// SPDX-License-Identifier: Apache-2.0
// SPDX-FileCopyrightText: Copyright The Lance Authors
syntax = "proto3";
package lance.file.v2;
import "google/protobuf/any.proto";
import "google/protobuf/empty.proto";
// # Lance v2.X File Format
//
// The Lance file format is a barebones format for serializing columnar data
// into a file.
//
// * Each Lance file contains between 0 and 4Gi columns
// * Each column contains between 0 and 4Gi pages
// * Each page contains between 0 and 2^64 items
// * Different pages within a column can have different items counts
// * Columns may have up to 2^64 items
// * Different columns within a file can have different item counts
//
// The Lance file format does not have any notion of a type system or schemas.
// From the perspective of the file format all data is arbitrary buffers of
// bytes with an extensible metadata block to describe the data. It is up to
// the user to interpret these bytes meaningfully.
//
// Data buffers are written to the file first. These data buffers can be
// referenced from three different places in the file:
//
// * Page encodings can reference data buffers. This is the most common way
// that actual data is stored.
// * Column encodings can reference data buffers. For example, a column encoding
// may reference data buffer(s) containing statistics or dictionaries.
// * Finally, the global buffer offset table can reference data buffers.

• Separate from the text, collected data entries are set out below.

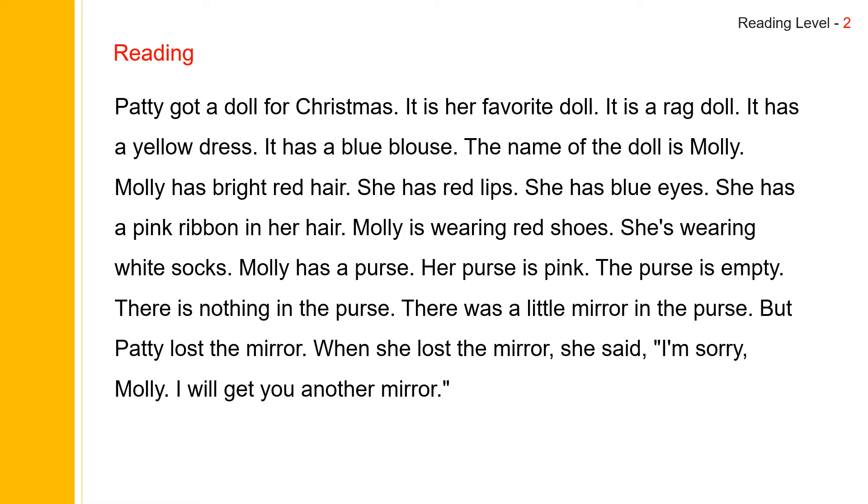Molly is wearing red shoes. She's wearing white socks. Molly has a purse. Her purse is pink. The purse is empty. There is nothing in the purse. There was a little mirror in the purse. But Patty lost the mirror. When she lost the mirror, she said, I'm sorry, Molly. I will get you another mirror.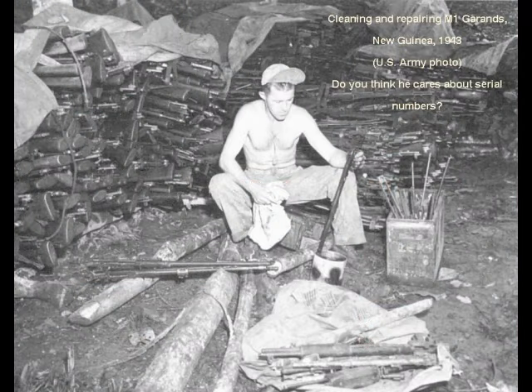The M1 Garand was a standard-issue service rifle to all infantry forces. As such, they were hard used and the vast majority underwent repair and rebuilding both during and after the wars. They were reassembled without regard to serial numbers and parts were replaced as needed.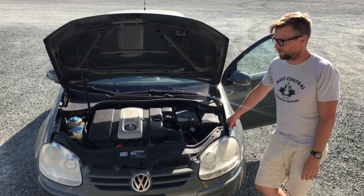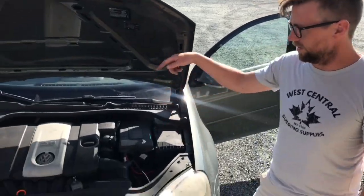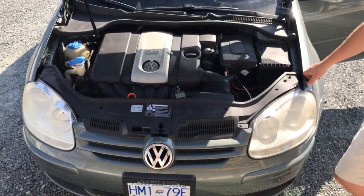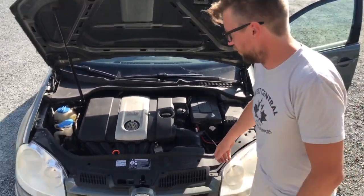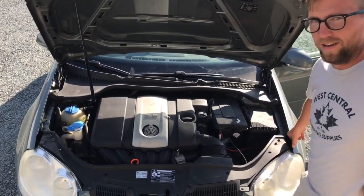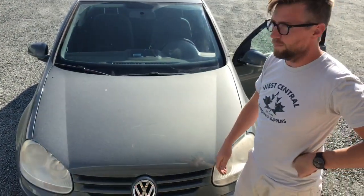Today we're going to check the power steering fluid level on this 2007 Volkswagen Rabbit with the 2.5 motor. What you want to do is pop the hood — but actually just close it, because there is no power steering fluid reservoir. It's all electric, so you're wasting your time looking. Take it to a shop and get it fixed.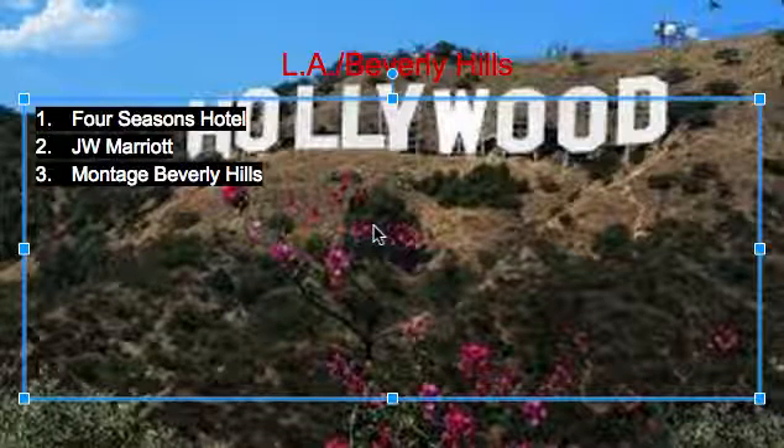I'm Charles, and today we'll be showing you our L.A. Beverly Hills Part 3 to our Popular Cities in the U.S. Hotels video series. Today we're just going to be showing you what they are, how nice they are, and what they have to offer.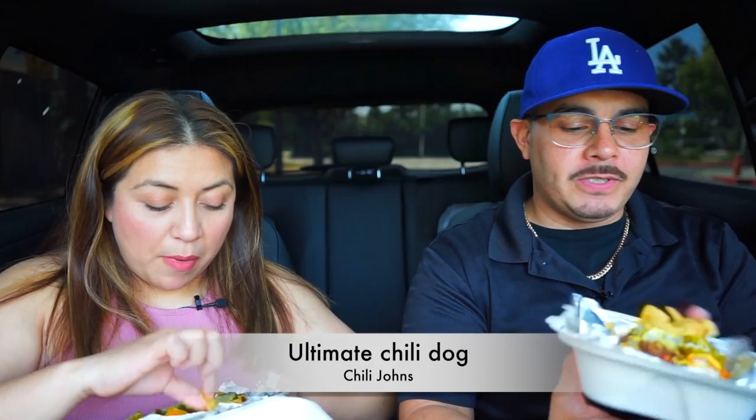So we got a chili dog with chili, mustard, cheese, pickles — these pickles smell delicious — onions, and some Fritos. Onions and Fritos — how can you go wrong with some Fritos on a hot dog? Look at this — it's a thick bun. Doesn't look like your regular average bun, it's a big one.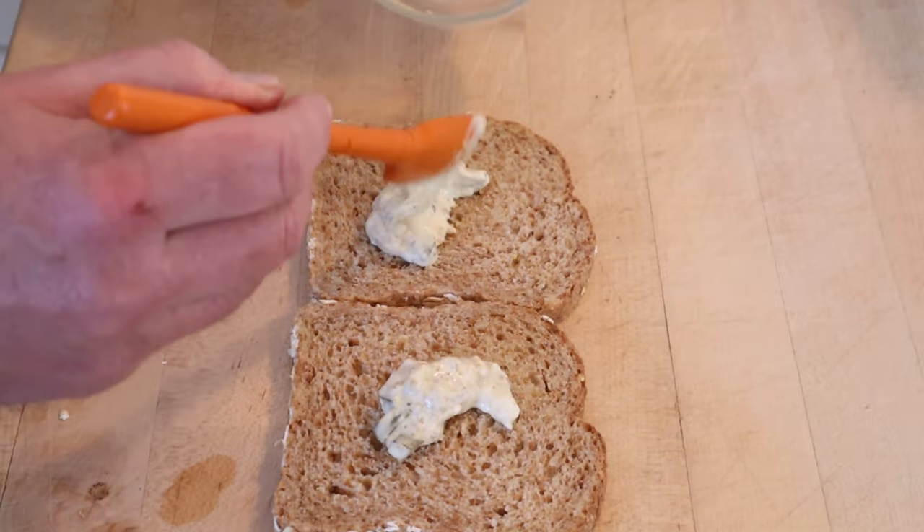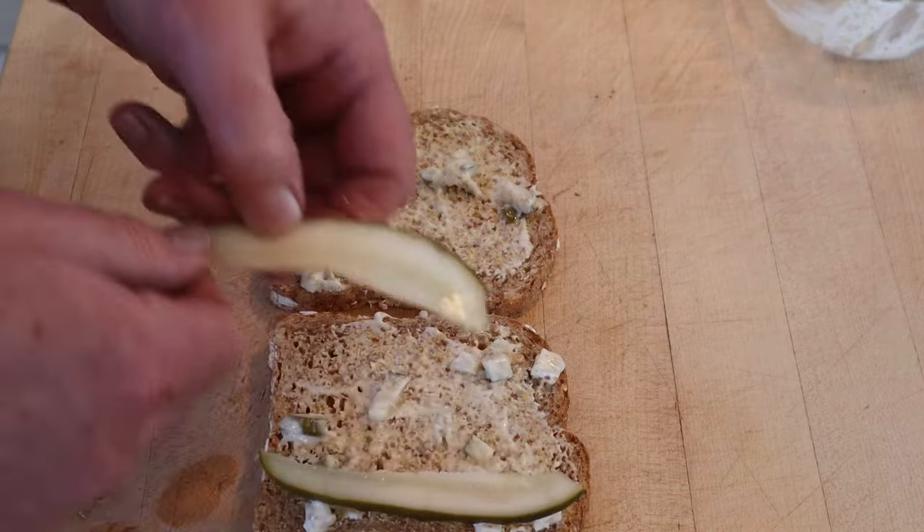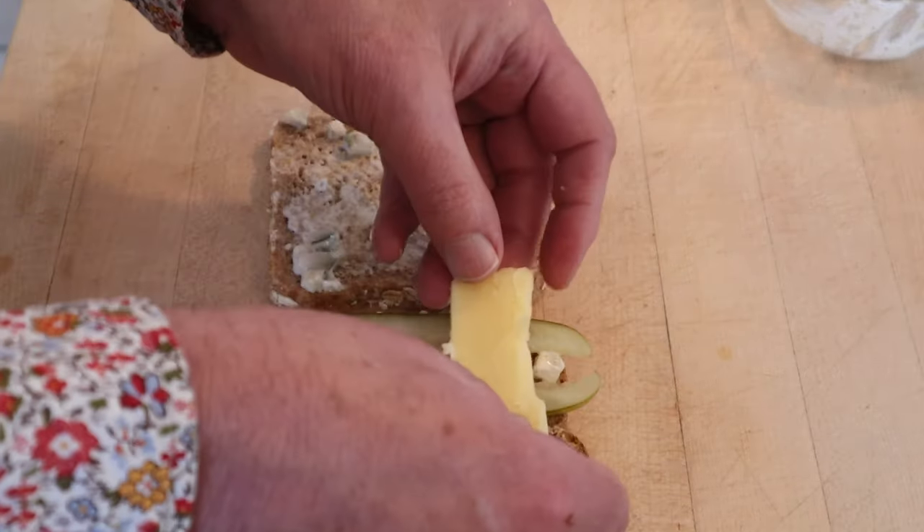We spread half on one piece, half on the other. Now we add sliced pickles and sharp cheddar cheese. Okay, let's give this pickle sandwich a go.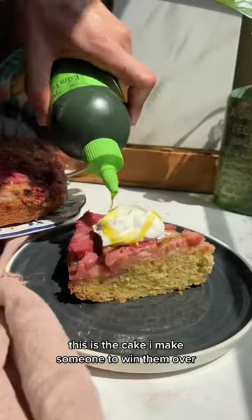I swear by this cake recipe tenfold. Welcome back to another episode of the Produce Chronicles — right now rhubarb is in season, so let's get some.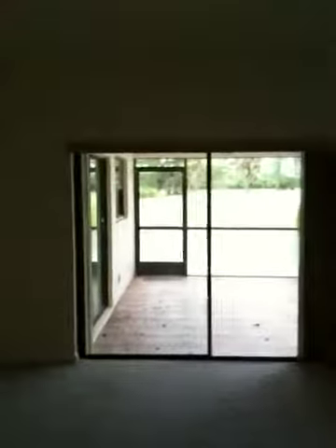You walk in the foyer and there's a very large great room with vaulted ceilings, nice carpet, nice big windows, and as you can see a screen door that leads into the screen patio.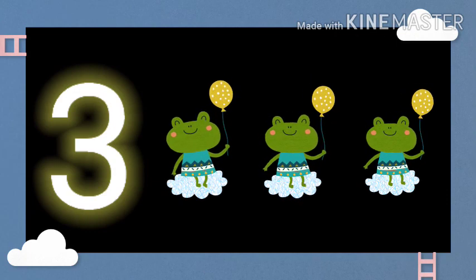This is number 3. One frog. Two frogs. Three frogs.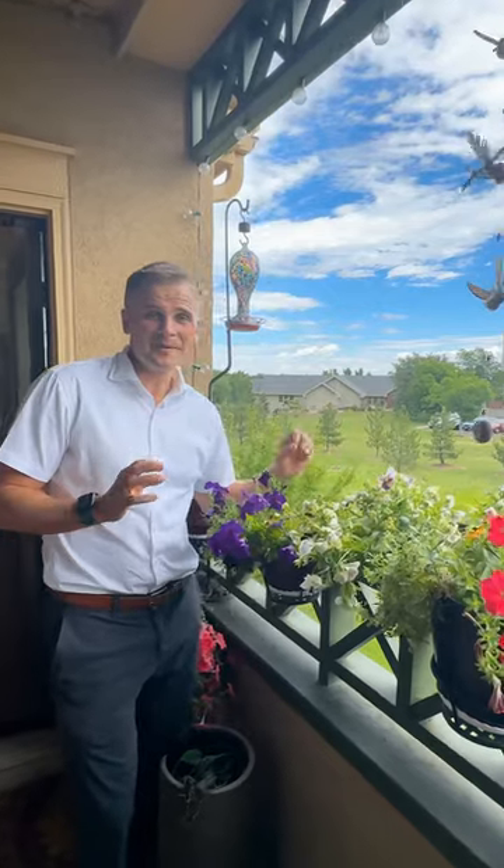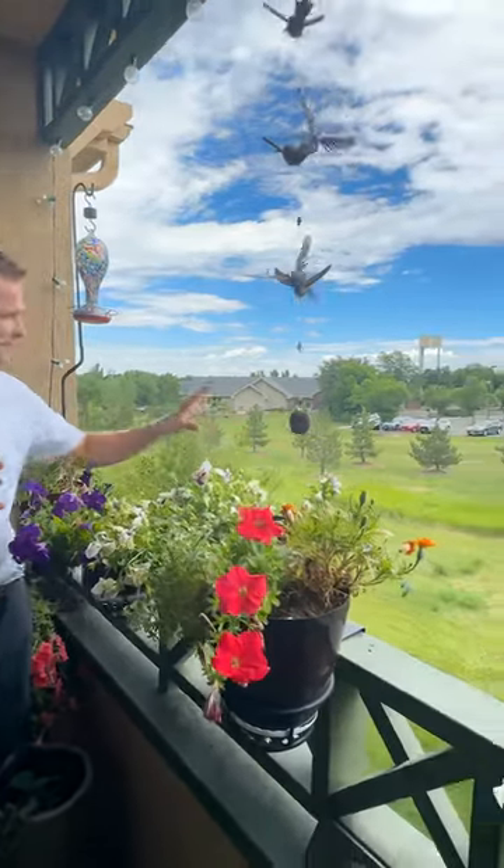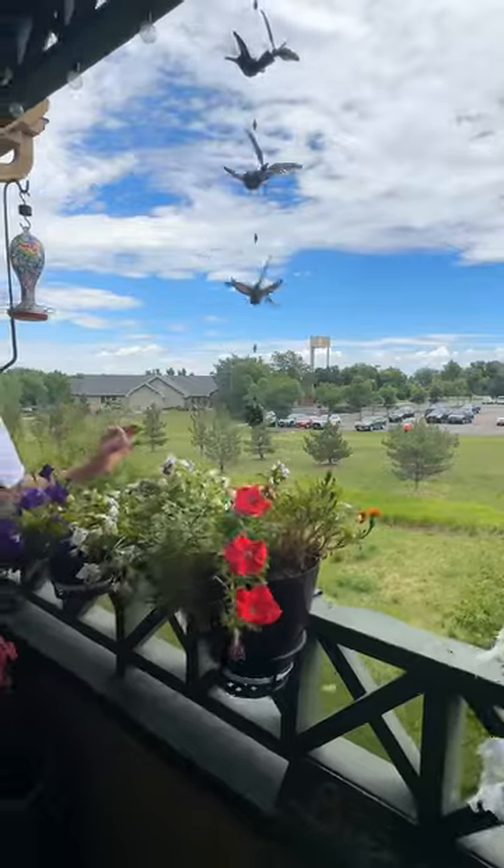The best part about this home is you're backing to a little bit of open space — no homes behind you. So it's a nice and quiet, peaceful location.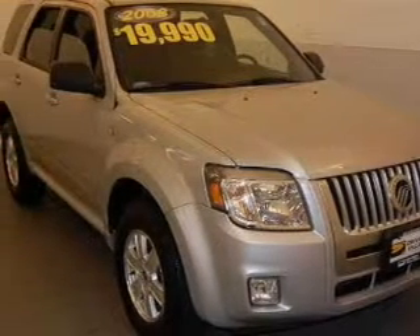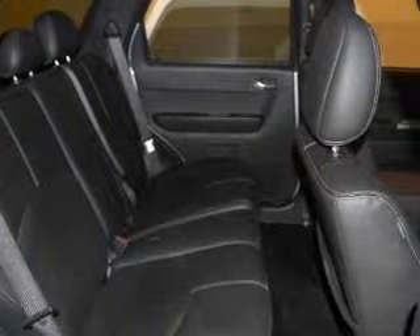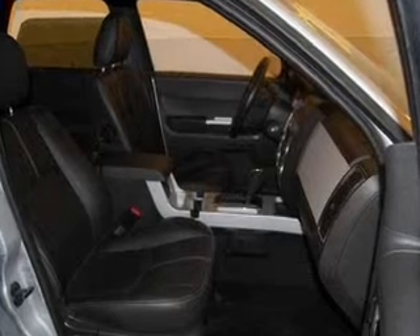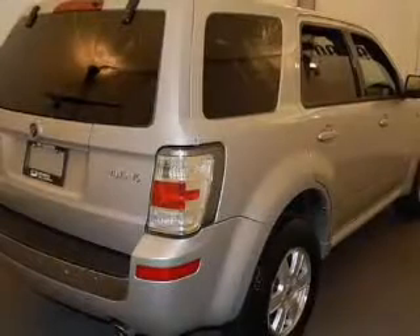Whether you are hauling the family through the urban jungle or heading out to the trails, this spacious 2008 Mercury Mariner will get you there. This Mariner is spacious enough for up to 5 and comes equipped with AM/FM stereo, CD player, keyless entry and more. You will appreciate a confident in-ride experience.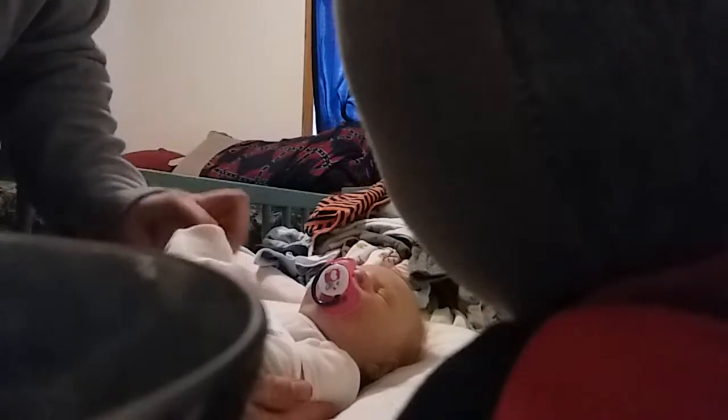It was nice to be able to go shopping with hubby — I haven't got to do that in a very long time. He's actually the one who got to pick this out. Oops, dropped your paci there.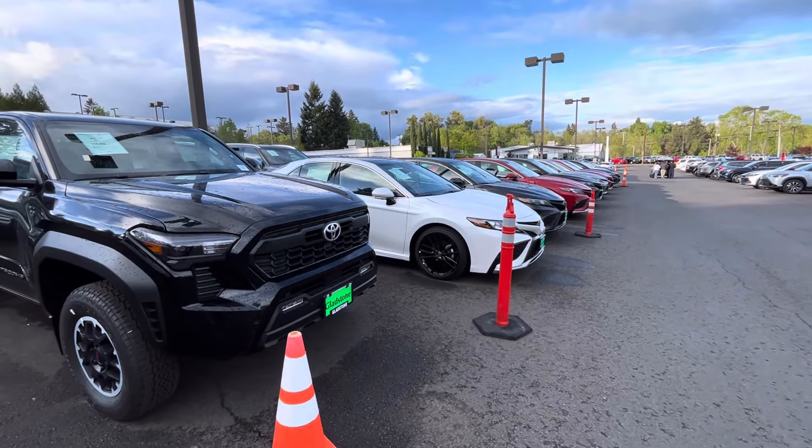Not a lot of 4Runners, so these things are pretty hot and they're moving. This is the number one Toyota dealership in Oregon and we've literally got four on the lot. They've got more Grand Highlanders than they do 4Runners — and I'm not even lying.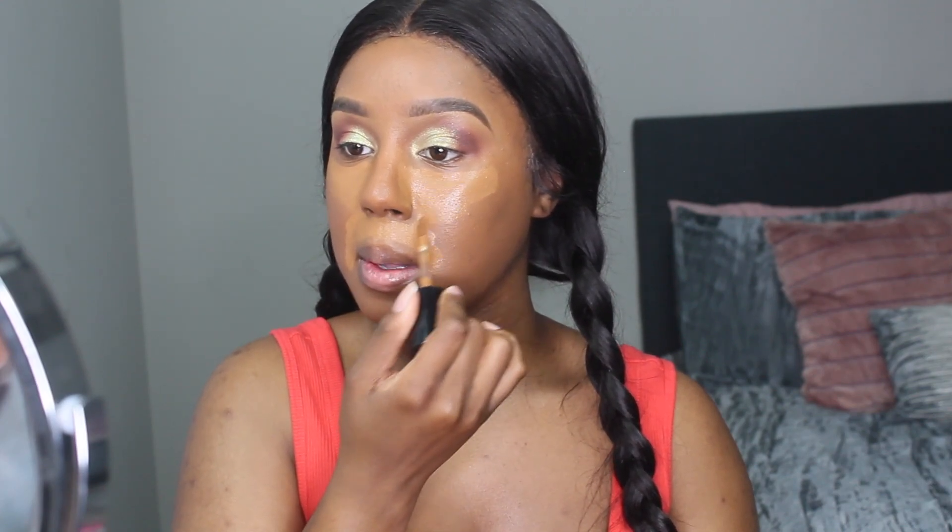Once you've blended out your foundation, start concealing. This concealer is pretty much the same shade as my foundation. I like to use that under my eyes and around my mouth area because that's where I have a lot of darkness. I don't like to put too much foundation there — the consistency and coverage of a concealer is just a lot better. Make sure you're concealing, and then keep blending out.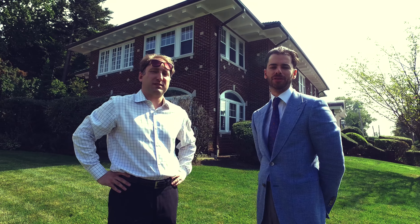Welcome to our new waterfront listing at 604 Shore Road in Douglaston. Newly renovated five-bedroom brick colonial in the heart of Douglas Manor.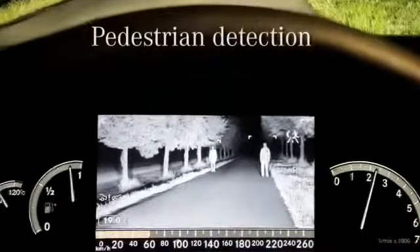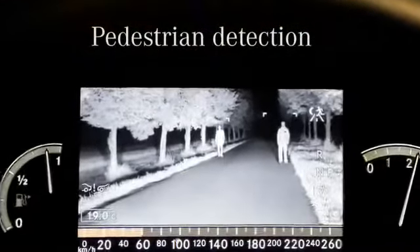It also lets you spot vehicles without lights, cyclists, animals, or objects at a distance of up to 300 feet. Night View Assist Plus also points out pedestrians quickly thanks to the system's unique pedestrian detection feature.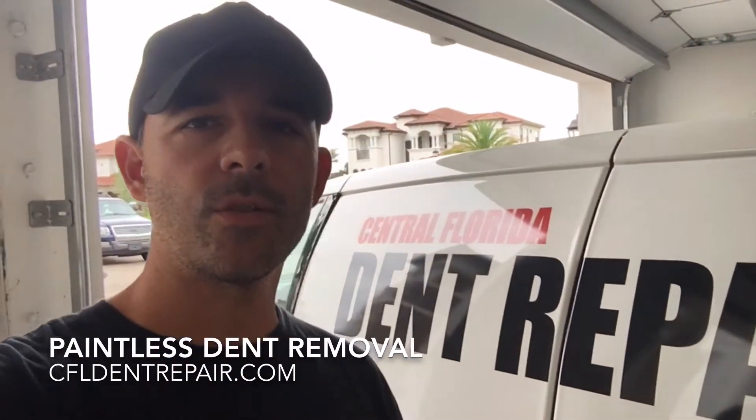Hey, good morning everybody. This is Bryce with Central Florida Dent Repair, back again here in Windermere, Florida, getting ready to work on a 2017 Porsche 911.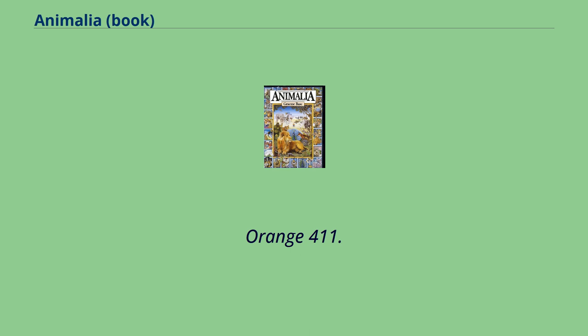O: Orange, Otter, Orangutan, Observatory, Octagon, Owl, Obelisk, Oak, Oil Drill, Organ, Oven.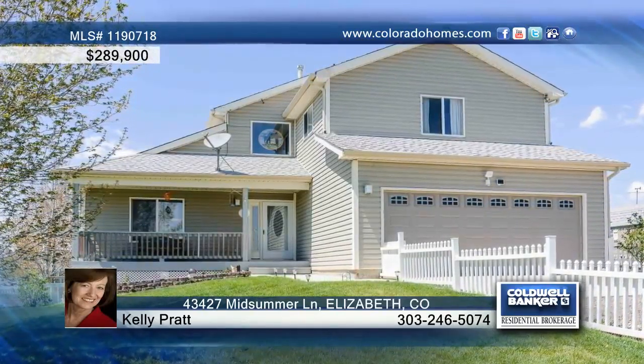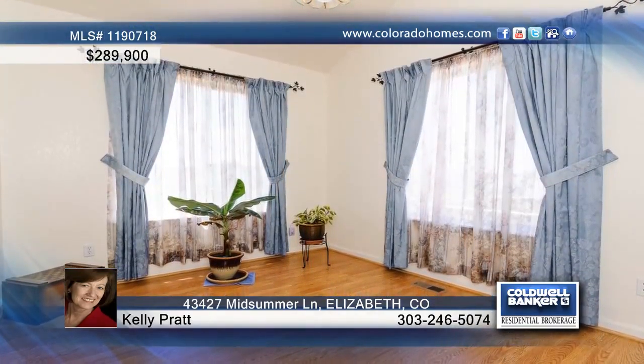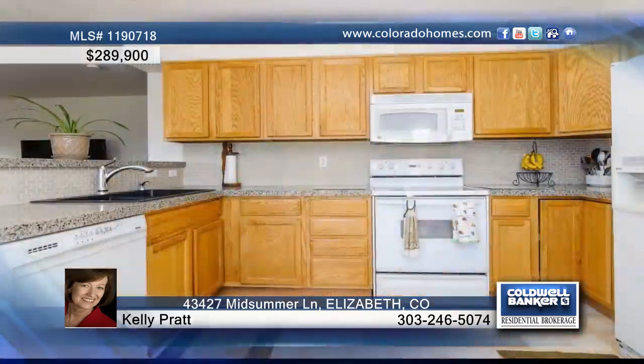From a tree-lined driveway to the white picket fence, welcome to your own 2-plus acre slice of country. Sunlight floods the interior with mountain views all around.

This
// is useful for storing data that is shared across multiple columns.
// This is also useful for global file metadata (e.g. a schema that describes
// the file)
//
// ## File Layout
//
// Note: the number of buffers (BN) is independent of the number of columns (CN)
// and pages.
//
// Buffers often need to be aligned. 64-byte alignment is common when
// working with SIMD operations. 4096-byte alignment is common when
// working with direct I/O. In order to ensure these buffers are aligned
// writers may need to insert padding before the buffers.
//
// If direct I/O is required then most (but not all) fields described
// below must be sector aligned. We have marked these fields with an
// asterisk for clarity. Readers should assume there will be optional
// padding inserted before these fields.
//
// All footer fields are unsigned integers written with little endian
// byte order.
//
// ├──────────────────────────────────┤
// | Data Pages |
// | Data Buffer 0* |
// | ... |
// | Data Buffer BN* |
// ├──────────────────────────────────┤
// | Column Metadatas |
// | |A| Column 0 Metadata* |
// | Column 1 Metadata* |
// | ... |
// | Column CN Metadata* |
// ├──────────────────────────────────┤
// | Column Metadata Offset Table |
// | |B| Column 0 Metadata Position* |
// | Column 0 Metadata Size |
// | ... |
// | Column CN Metadata Position |
// | Column CN Metadata Size |
// ├──────────────────────────────────┤
// | Global Buffers Offset Table |
// | |C| Global Buffer 0 Position* |
// | Global Buffer 0 Size |
// | ... |
// | Global Buffer GN Position |
// | Global Buffer GN Size |
// ├──────────────────────────────────┤
// | Footer |
// | A u64: Offset to column meta 0 |
// | B u64: Offset to CMO table |
// | C u64: Offset to GBO table |
// | u32: Number of global bufs |
// | u32: Number of columns |
// | u16: Major version |
// | u16: Minor version |
// | "LANC" |
// ├──────────────────────────────────┤
//
// File Layout-End
//
// ## Data Pages
//
// A lot of flexibility is provided in how data is stored. A page's buffers do
// not strictly need to be contiguous on the disk. However, it is recommended
// that buffers within a page be grouped together for best performance.
//
// Data pages should be large. The only time a page should be written to disk
// is when the writer needs to flush the page to disk because it has accumulated
// too much data. Pages are not read in sequential order and if pages are too
// small then the seek overhead (or request overhead) will be problematic. We
// generally advise that pages be at least 8MB or larger.
//
// ## Encodings
//
// Specific encodings are not part of this minimal format. They are provided
// by extensions. Readers and writers should be designed so that encodings can
// be easily added and removed. Ideally, they should allow for this without
// requiring recompilation through some kind of plugin system.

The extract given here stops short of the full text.